Saò Soulez Larivière
(c) Clara Evens

In der Reihe, in der die Luxemburger Philharmonie junge, aufstrebende Musiker präsentiert, war gestern der Bratschist Sào Soulez-Larivière zu Gast, den die ICMA (International Classical Music Awards) im Jahre 2023 als Young Artist of the Year ausgezeichnet hatten. Begleitet wurde er am Klavier von der ungarisch-amerikanischen Pianistin Julia Hamos. Remy Franck berichtet.

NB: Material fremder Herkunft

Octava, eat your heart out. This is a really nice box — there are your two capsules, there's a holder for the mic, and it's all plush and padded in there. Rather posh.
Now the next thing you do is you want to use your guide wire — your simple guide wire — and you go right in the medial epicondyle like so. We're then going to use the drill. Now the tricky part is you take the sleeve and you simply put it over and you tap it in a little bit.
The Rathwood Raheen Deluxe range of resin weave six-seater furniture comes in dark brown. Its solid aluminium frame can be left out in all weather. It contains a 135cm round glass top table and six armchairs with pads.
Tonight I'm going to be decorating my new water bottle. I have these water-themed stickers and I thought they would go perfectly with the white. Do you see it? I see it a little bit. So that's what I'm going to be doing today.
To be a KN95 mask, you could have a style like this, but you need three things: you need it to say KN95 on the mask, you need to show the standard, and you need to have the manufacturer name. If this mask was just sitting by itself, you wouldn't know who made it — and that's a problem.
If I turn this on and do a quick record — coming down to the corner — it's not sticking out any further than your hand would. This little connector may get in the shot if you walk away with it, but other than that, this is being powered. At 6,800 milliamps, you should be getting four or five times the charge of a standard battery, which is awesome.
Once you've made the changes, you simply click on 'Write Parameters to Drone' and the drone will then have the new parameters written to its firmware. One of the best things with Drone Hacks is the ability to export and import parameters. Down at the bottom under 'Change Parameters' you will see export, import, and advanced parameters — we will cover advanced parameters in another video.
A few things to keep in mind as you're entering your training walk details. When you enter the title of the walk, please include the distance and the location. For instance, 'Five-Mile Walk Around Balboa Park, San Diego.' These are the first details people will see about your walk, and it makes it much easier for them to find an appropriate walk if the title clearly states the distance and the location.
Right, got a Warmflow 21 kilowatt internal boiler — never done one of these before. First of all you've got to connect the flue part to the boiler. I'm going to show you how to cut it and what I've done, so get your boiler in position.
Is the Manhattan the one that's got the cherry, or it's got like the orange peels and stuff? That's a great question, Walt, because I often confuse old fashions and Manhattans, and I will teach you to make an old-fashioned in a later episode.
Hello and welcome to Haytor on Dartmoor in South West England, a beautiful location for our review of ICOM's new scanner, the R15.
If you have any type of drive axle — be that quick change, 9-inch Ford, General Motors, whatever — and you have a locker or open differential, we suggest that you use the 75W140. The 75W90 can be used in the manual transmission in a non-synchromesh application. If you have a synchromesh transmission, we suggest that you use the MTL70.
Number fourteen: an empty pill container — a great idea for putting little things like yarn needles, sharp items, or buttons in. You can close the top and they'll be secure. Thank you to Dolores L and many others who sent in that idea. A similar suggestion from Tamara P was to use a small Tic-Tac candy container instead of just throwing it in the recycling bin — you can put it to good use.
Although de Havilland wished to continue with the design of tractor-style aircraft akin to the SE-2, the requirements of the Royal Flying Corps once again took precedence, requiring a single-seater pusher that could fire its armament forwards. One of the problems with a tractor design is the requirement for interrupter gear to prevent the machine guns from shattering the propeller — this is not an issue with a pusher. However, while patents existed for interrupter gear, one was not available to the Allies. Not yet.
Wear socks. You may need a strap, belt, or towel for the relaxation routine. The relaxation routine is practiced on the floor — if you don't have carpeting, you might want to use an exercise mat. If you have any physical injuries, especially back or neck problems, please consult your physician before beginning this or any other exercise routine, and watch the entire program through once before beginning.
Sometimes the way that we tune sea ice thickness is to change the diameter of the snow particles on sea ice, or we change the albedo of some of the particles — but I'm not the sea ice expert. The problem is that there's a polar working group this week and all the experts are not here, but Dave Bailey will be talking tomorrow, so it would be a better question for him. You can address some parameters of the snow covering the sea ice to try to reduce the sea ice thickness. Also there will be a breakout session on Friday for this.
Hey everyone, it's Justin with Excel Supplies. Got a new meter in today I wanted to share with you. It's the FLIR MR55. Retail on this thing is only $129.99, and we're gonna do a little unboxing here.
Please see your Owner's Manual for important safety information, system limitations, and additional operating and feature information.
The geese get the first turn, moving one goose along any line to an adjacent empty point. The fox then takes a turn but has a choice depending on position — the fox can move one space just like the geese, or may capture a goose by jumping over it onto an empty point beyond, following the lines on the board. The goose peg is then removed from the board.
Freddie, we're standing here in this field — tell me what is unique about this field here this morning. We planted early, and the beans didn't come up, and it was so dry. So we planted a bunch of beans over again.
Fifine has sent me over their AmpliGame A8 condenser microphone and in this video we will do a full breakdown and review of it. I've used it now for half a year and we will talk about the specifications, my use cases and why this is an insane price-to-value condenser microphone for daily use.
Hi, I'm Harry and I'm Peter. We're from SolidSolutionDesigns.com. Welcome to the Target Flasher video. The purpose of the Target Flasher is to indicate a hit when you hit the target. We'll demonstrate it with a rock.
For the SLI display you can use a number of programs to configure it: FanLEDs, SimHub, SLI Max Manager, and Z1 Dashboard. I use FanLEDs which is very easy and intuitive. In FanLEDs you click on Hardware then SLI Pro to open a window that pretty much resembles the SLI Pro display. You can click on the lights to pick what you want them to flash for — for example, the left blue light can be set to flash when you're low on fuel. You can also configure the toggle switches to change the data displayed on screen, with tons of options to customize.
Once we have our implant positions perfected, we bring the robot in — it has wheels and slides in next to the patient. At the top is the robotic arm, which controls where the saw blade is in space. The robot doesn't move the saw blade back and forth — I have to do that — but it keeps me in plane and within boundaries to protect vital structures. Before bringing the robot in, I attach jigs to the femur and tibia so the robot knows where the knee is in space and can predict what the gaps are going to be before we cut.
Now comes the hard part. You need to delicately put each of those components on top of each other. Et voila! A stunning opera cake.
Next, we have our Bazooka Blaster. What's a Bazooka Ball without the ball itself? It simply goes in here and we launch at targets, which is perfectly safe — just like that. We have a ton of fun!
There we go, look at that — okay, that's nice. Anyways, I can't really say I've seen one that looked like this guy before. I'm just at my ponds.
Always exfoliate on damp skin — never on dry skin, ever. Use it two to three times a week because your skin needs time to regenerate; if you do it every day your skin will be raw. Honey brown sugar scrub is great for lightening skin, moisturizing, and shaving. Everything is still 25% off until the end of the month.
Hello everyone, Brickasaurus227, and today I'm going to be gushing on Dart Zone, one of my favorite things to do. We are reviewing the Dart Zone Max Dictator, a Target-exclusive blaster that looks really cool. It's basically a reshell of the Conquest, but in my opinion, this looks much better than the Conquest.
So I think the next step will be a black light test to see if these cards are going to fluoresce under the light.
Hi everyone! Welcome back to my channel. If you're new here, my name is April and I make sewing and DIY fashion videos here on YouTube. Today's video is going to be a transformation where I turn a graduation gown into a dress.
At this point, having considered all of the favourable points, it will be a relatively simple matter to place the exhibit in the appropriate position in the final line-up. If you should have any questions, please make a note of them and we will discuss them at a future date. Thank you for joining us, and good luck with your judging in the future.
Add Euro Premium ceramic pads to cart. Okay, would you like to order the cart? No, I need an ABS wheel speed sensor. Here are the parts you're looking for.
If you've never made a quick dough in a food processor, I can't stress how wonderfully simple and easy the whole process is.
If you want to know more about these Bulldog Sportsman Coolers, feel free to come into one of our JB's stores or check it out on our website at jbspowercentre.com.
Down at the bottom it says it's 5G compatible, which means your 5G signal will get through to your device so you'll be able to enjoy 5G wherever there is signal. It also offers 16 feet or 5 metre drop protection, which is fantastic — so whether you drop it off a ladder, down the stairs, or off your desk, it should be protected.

Sào Soulez-Larivière begann solo, mit Hauch II der britischen Komponistin Rebecca Saunders, das 2021 beim Now! Festival in Essen als Tanzstück in der Choreographie von Rafaële Giovanola uraufgeführt wurde. Das wie gehaucht wirkende Werk erfordert vom Solisten eine perfekte Beherrschung des Instruments, um daraus die feinsten Klänge zu entlocken. Das gelang Sào Soulez-Larivière sehr gut, und irgendwie fühlte sich der Zuhörer in die geheimnisvolle Klangwelt eines durch ein Ghost Town streifenden Windes versetzt.

Die amerikanische Komponistin Julia Wolfe, die sich gerne mit industriellen Themen und der Welt amerikanischer Arbeiter befasst – sie schrieb bereits ein Werk über die Arbeiterinnen in der Bekleidungsindustrie – hat für die Tournee von Sào Soulez-Larivière das Stück Cloth für Viola und Tonaufnahme komponiert. Der junge Solist nannte es in seiner sympathischen Einführung eine Symphonie für Viola, was angesichts der aus den Lautsprechern kommenden Violaklängen nicht falsch war. Die Komposition besteht aus einem hektisch-energetischen ersten Teil (Akkordarbeiterinnen?), einer ruhigen (Arbeits-) Pause und einem wiederum lebhafteren Teil, der auch eine Art Afterwork sein könnte. Das Darstellen dieser Abläufe lang dem Solisten in einer spannenden Interpretation, die – für ein zeitgenössisches Werk – vom Publikum im quasi ausverkauften Kammermusiksaal der Philharmonie überaus positiv aufgenommen wurde.

Sào Soulez-Larivière & Julia Hamos
(c) Philharmonie / Sébastien Grébille

Der erste Teil des Konzerts wurde mit den Märchenbildern von Robert Schumann beschlossen, einer Komposition, für die dann auch Julia Hamos auf die Bühne kam. Dieses Werk, in dem Schumann sich von seinem Schwung mitreißen lässt und Melodien und dramatische Effekte mit einer nie versagenden Vorstellungskraft entrollt, besteht aus vier lyrischen Charakterstücken, und selbst wenn die beiden mittleren durchaus zupackend gespielt wurden, faszinierte Soulez-Larivière vor allem mit einem tief empfundenen, bewegenden Mezza Voce-Gesang im langsamen letzten Satz, immer bestens unterstützt von der Pianistin, die durch ihr Spiel zum Fantastischen der Musik Wesentliches beitrug.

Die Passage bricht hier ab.